The new safety recommendations were outlined in the Small Passenger Vessel Safety Act introduced by U.S. Rep. Salud Carbajal, D-Santa Barbara, and Sen. Dianne Feinstein, D-California, and Rep. Julia Brownley, D-Ventura County, in 2019. The bill became law Jan. 1 as part of the 2020 National Defense Authorization Act.
“I am grateful to see that the Coast Guard is moving forward with implementing my Small Passenger Vessel Safety Act in a timely manner,” Rep. Carbajal said in a statement. “The Conception boat fire was an avoidable incident, and I’m thankful the Coast Guard is taking the necessary and imperative steps to protect lives by ensuring a similar incident does not happen again.”
Some of the key measures in the law include: smoke detectors and interconnected fire alarms; two means of escape; and roving watch and safety management systems.
All new and currently-in-use small passenger vessels like the Conception will be required to have smoke detectors and interconnected fire alarms in all accommodation spaces. The Conception had a smoke detector in the room where passengers slept, but no smoke detector where the fire is believed to have started or interconnected fire alarms that would have been triggered if one area detected smoke.

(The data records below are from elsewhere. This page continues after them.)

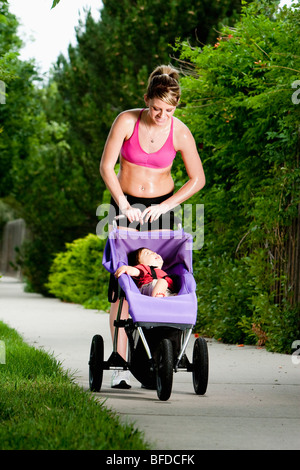 Un tagliente-cercando, Atletica Giovane donna guarda verso il basso in corrispondenza di un bambino sorridente nel suo jogging passeggino durante una corsa su un marciapiede suburbana. Foto Stock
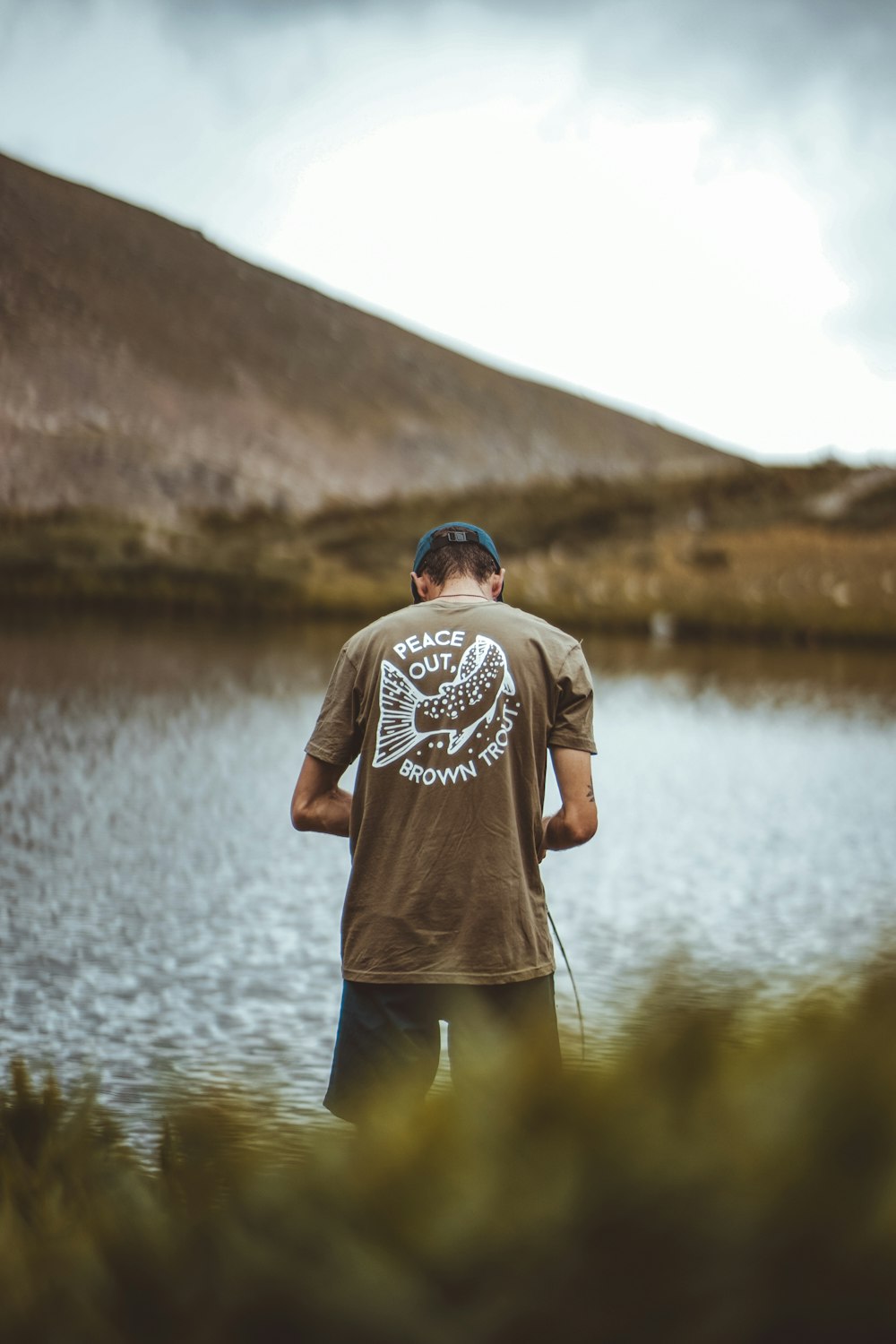 man in brown sweater standing beside body of water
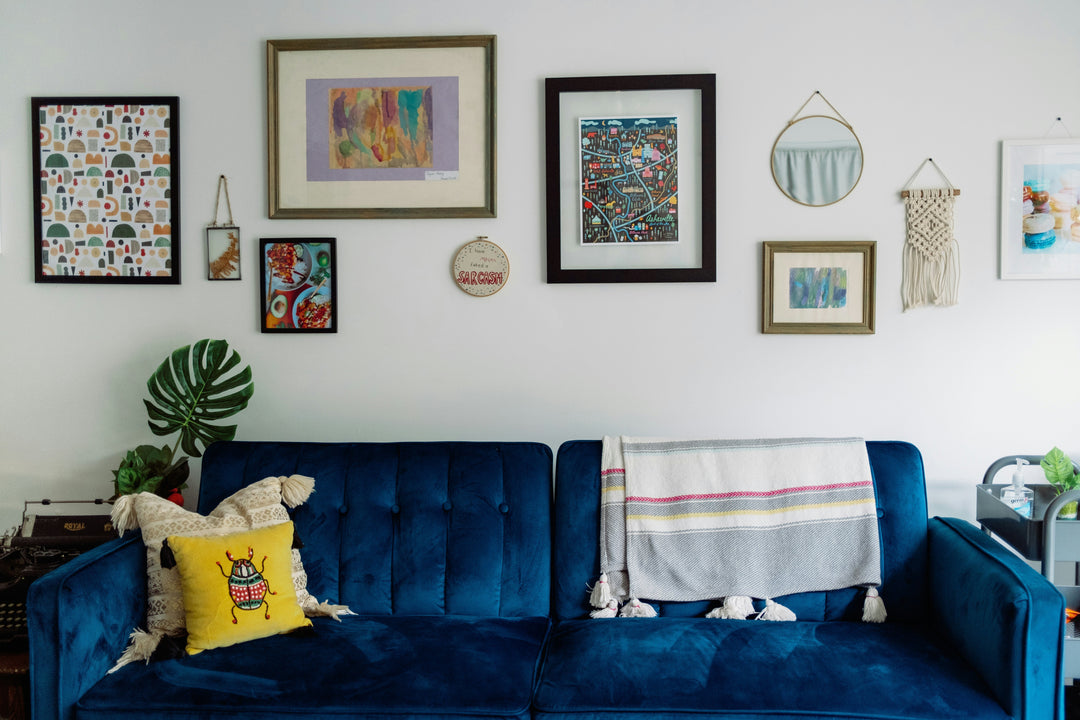 blue velvet couch in front of an eclectic gallery wall. 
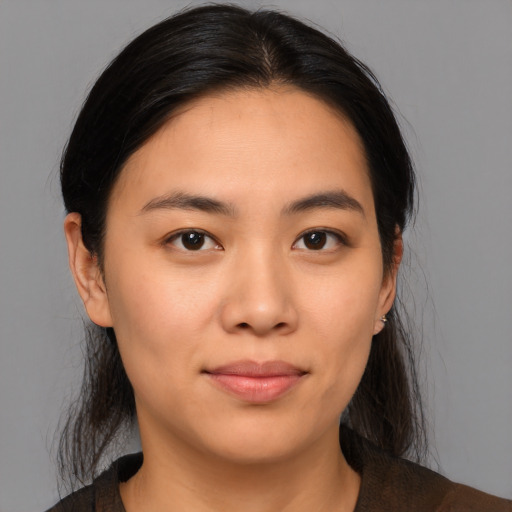 Neutral asian young-adult female with medium  brown hair and brown eyes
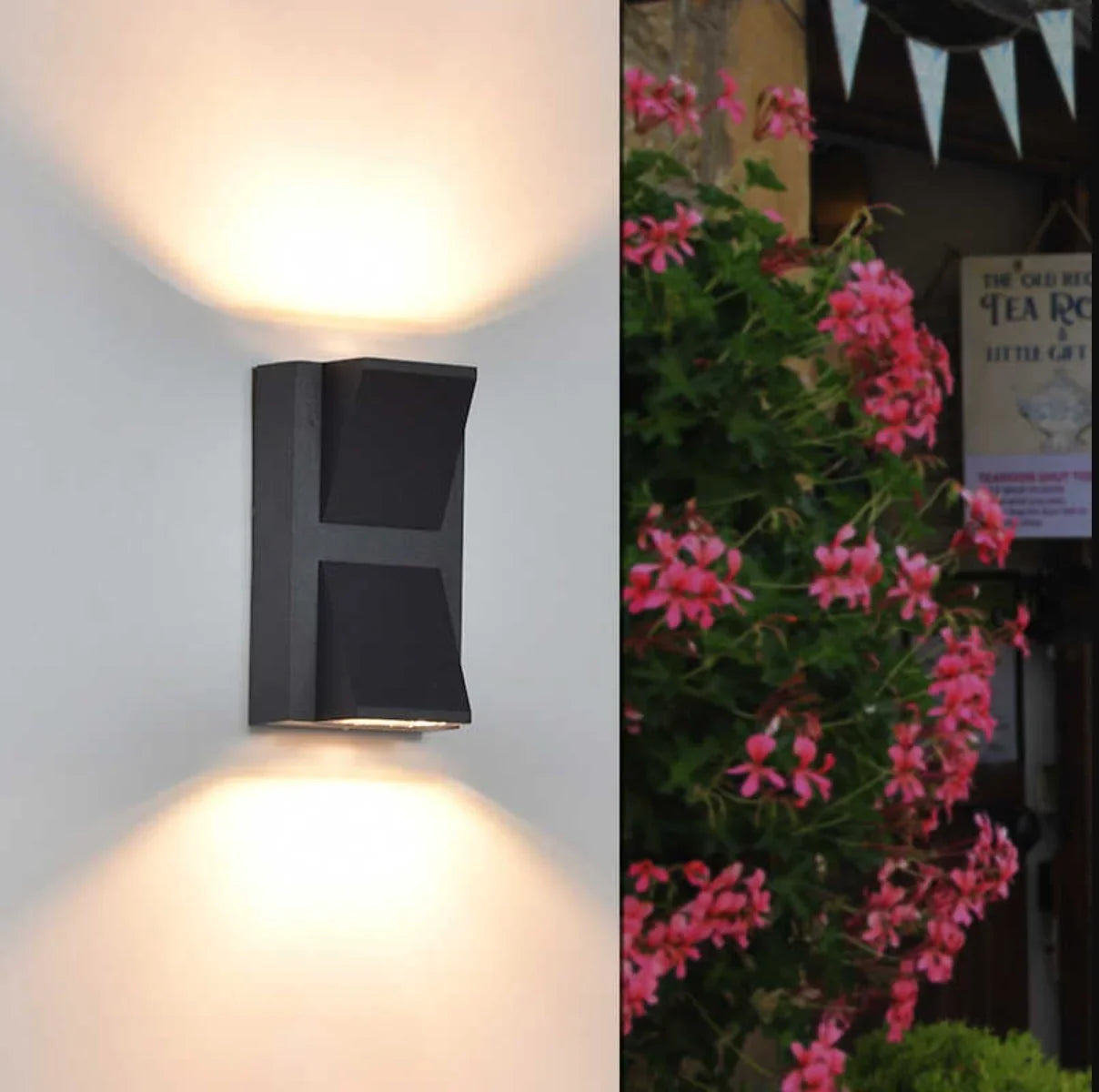Black outdoor wall light fixture on a white wall with pink flowers and a sign in the background.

All vessels like the Conception are now required to have no fewer than two independent avenues of escape. The Coast Guard is issuing a rulemaking to update this safety requirement.
The Conception had two exits in the sleeping quarters. However both led to areas engulfed by fire. Moreover, one exit was a narrow and difficult-to-reach ceiling hatch.
Finally, current Coast Guard regulations require a nighttime roving watch. However, oversight is lacking. The Coast Guard is issuing new guidance to mandate the logging of completed night watch patrols and going through a notice and comment process for a rulemaking on safety management systems.
A total of 34 people died in the fire, many of whom are believed to have died from smoke inhalation in the bunkroom.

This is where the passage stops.